After that, you can do additional transforms on GPU which are faster through batch_tfms, such as scaling/rotating and resizing again to a lower size.
In that case you would have sized to a higher size in item_tfms so that your other transforms are more accurate and include more details.

DrC · April 24, 2020, 6:31pm

How would you go about calling functions in the utils.py like search_images_bing ? (without copying it to local dir)

pip install utils doesn’t do it, it’s another pypi package.

sgugger · April 24, 2020, 8:13pm

The tokenizer will read the texts in “reviews” and tokenize them, but the result will be in a column called “texts” (unless you pass an argument to change that, should be something like output_col). So your get_x should use the column named “texts”.

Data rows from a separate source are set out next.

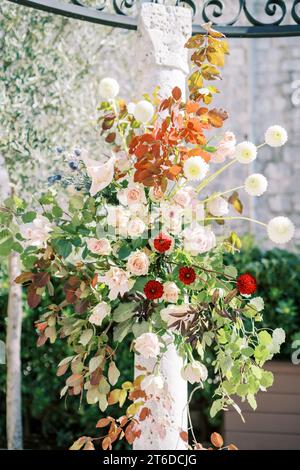 Colonna di un gazebo intrecciata con fiori luminosi nel giardino Foto Stock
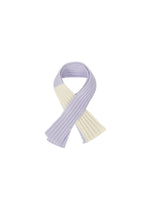 A detail shot of the HOMME PLISSÉ ISSEY MIYAKE PENNE tie.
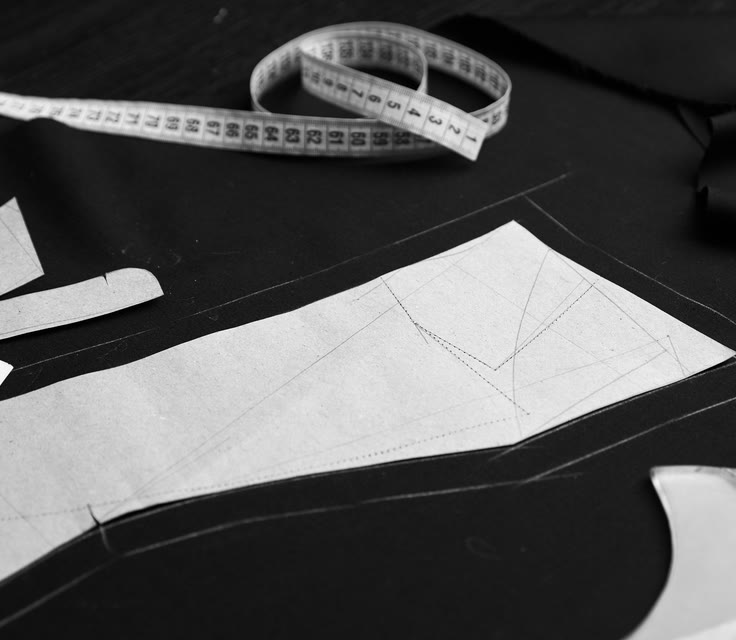 Pattern pieces and a measuring tape laid out on black fabric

sgugger · April 24, 2020, 8:14pm

It’s not a package, just an utils file. You need to have it in the same directory has the notebook you are working on.

danjjohns · April 24, 2020, 8:57pm

Sorry, that wasn’t clear. get_x=col_reader(“text”), get_y=(“label”). After it is tokenized, the text column and label column names are changed to text and label.